Blueprint's "Deleted Scenes" has less to do with "Adventures In Counter-Culture" than it may seem.
Blueprint is a seasoned musical time traveler. His 1988 album years ago set the flux capacitor perfectly on one of Hip Hop’s richest years. More recently, his Adventures In Counter-Culture held nostalgia against the future with revelations, stories and expressions looking at social misfits. From those sessions leading up to last year’s album, ‘Printmatic had more to say on such a thematic release. Deleted Scenes shares some concept from the high-profile 2011 Rhymesayers release, however the jigsaw puzzle pieces take on a life of their own, and prove that this anachronism is also a skilled editor.

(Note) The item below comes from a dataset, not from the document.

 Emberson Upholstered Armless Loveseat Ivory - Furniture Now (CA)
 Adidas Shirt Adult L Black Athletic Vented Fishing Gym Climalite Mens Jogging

“The American Dream,” a single from Deleted Scenes is one of its most profound moments. The song looks back to the innocence of Blueprint’s youth. Told through the adolescent images of compact cars, expensive clothes and rival schoolgirls, the two verses highlight work-ethic and cheap fun as a lost pastime. Simpler times, as heard on A.I.C.C.’s “Stole Our Yesterday” are a driving force of inspiration in Blueprint’s art as of late. Another similar quality between the two albums is ‘Print’s artistic experimentation, although the directions vary. Album-closer “Packt Like” (a remake of Radiohead's "Packt Like Sardines In a Crushed Tin Box") is full-on singing, with a repetitive, simple chorus of “I’m always lookin’ in the wrong place / Get off my case.” It’s unclear who or what the artist is speaking to, but it’s a long way from even the emcee’s melodic delivery heard on Soul Position’s Unlimited EP. With warm vocal tones, the Columbus, Ohio native proves that he’s got tremendous vocal range and could succeed outside of the 16-bar Rap format. Fans of the more traditional style will find comfort in tracks like “Takin’ It,” where the wordplay states: “On the campuses, they’re like, ‘You’re my boy, Blu’ / ‘Cause everything about his habitat is old school / Before you challenge him, think twice before you choose / Whatever happens after that is on you.”
From a musical standpoint, Deleted Scenes feels less cohesive. “Bartenders” is fuzzy synths and golden-era drum programming, just a song behind the isolated piano of “The Mask.” New Wave, Jazz and Electronic are active elements in the kit, as expected, but like deleted scenes in a film, they’re harder to sequence than the album whose sessions they evolved from. Blueprint continues to challenge his range as an accomplished producer, versed in both sampling and instrumentation. However, as someone so associated with complete concept, Deleted Scenes’ backdrops are challenging.
At a time when Hip Hop artists are easily driven to sequels and revisiting successful traits in their repertoire, Blueprint’s Deleted Scenes has less to do with Adventures In Counter-Culture than it may seem. This is an album of its own after being presented, although the back-story overtly connects it to its predecessor. Instead, it almost appears as if two albums were recorded in 2010 and 2011. This effort is more a la carte, but still finds an artist who thrives in storytelling, tangible emotions and dynamic production. Past the decade mark in an energetic and evolving career, this time-traveler makes appropriate music for these days and times.